Monsieur le président, monsieur le secrétaire d’État, monsieur le président de la commission des lois, madame la rapporteur, mes chers collègues, la proposition de loi soumise à notre examen a pour objectif de prévenir les violences lors des manifestations et de sanctionner leurs auteurs. Elle fait écho à celle de M. Courtial, déposée le 3 mai dernier, qui vise à interdire la dissimulation du visage lors d’une manifestation sur la voie publique.
Nous sommes tous d’accord : les violences qui accompagnent régulièrement les manifestations discréditent le mouvement social et rendent inaudible le message porté par ceux qui y participent. Elles sont à condamner fermement et le professionnalisme dont font preuve les forces de l’ordre en pareil cas doit être salué.
Ces violences intolérables, nous en sommes témoins depuis toujours. Elles se sont produites, évidemment, en Mai 68, mais également en 1986, lors des manifestations contre le projet Devaquet de réforme des universités : un étudiant, Malik Oussekine, avait même trouvé la mort. On pourrait mentionner aussi les violences en marge des mouvements contre le contrat d’insertion professionnelle en 1994, le contrat première embauche en 2006 – à l’époque, 187 personnes avaient été interpellées – et la loi Travail en 2016.

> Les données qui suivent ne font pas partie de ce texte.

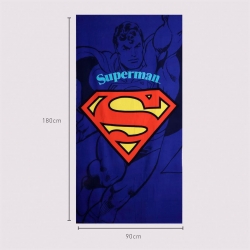 TOALLA MICROFIBRA SUPERMAN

Faire remonter cette violence aux manifestations du mois de mai ou, généreusement, à celles qui ont eu lieu sous le précédent quinquennat – mais personne ne s’aventurerait à faire cette confusion au sein de notre assemblée… – serait donc parfaitement injuste. Parler de défaillance de l’actuel gouvernement le serait tout autant, convenons-en tous.
Il serait donc inutile de chercher à politiser nos débats, d’autant que, fort heureusement, de nombreux rassemblements se déroulent encore dans le calme, comme en témoigne la Marche pour le climat de septembre dernier.
La proposition de loi, dans sa rédaction initiale, présentait des risques importants pour les libertés individuelles. S’il est vrai que la commission des lois a cherché à sécuriser le texte afin de prévenir efficacement les atteintes à l’ordre public dans le respect des droits et libertés constitutionnellement garantis, il me semble que l’équilibre n’a pas été tout à fait trouvé.
La mesure qui consiste à donner la possibilité aux préfets d’interdire, par arrêté, à toute personne susceptible de représenter une menace d’une particulière gravité pour l’ordre public de participer à une manifestation mérite d’être réétudiée. Au demeurant, comme M. le secrétaire d’État vient de le confirmer, un groupe de travail réunissant les services de la Chancellerie et du ministère de l’intérieur travaille sur ces sujets et rendra ses conclusions très prochainement, en janvier.
En revanche, d’autres dispositifs posent, de notre point de vue, de sérieuses difficultés. Je pense à l’extension, aux abords immédiats d’une manifestation, de l’infraction de participation à une manifestation ou à une réunion publique en étant porteur d’une arme au fait d’introduire, de détenir ou de faire usage de tout objet susceptible d’en constituer une et, plus encore, à la sanction de la tentative même de ces délits, introduite par la commission des lois. Je pense également à l’extension du champ de la peine complémentaire d’interdiction de manifester.
Aussi avons-nous déposé des amendements tendant à supprimer les articles 5 et 6 de la proposition de loi, qui nous semblent outrepasser l’objectif visé et porter une atteinte démesurée aux droits et libertés constitutionnels. Nous présenterons également un amendement de repli à l’article 6, qui a reçu un avis favorable de la commission ; mais, vous l’aurez compris, son adoption ne modifierait pas notre vote final.
Enfin, si, dans sa rédaction initiale, la proposition de loi instaurait une présomption de responsabilité civile collective en matière de dommages causés à l’occasion d’une manifestation sur la voie publique, la commission des lois a fait le choix de maintenir le régime de responsabilité sans faute de l’État, tout en donnant à celui-ci la possibilité d’exercer une action récursoire contre les personnes condamnées pour les violences ou dégradations à l’origine des dommages. La question de l’effectivité de l’exercice de l’action récursoire reste posée, eu égard à l’état de solvabilité des personnes concernées.
Au total, malgré le travail de qualité accompli par Mme la rapporteur, cette proposition de loi présente encore des risques élevés pour les libertés individuelles. C’est pourquoi le groupe La République En Marche s’y opposera.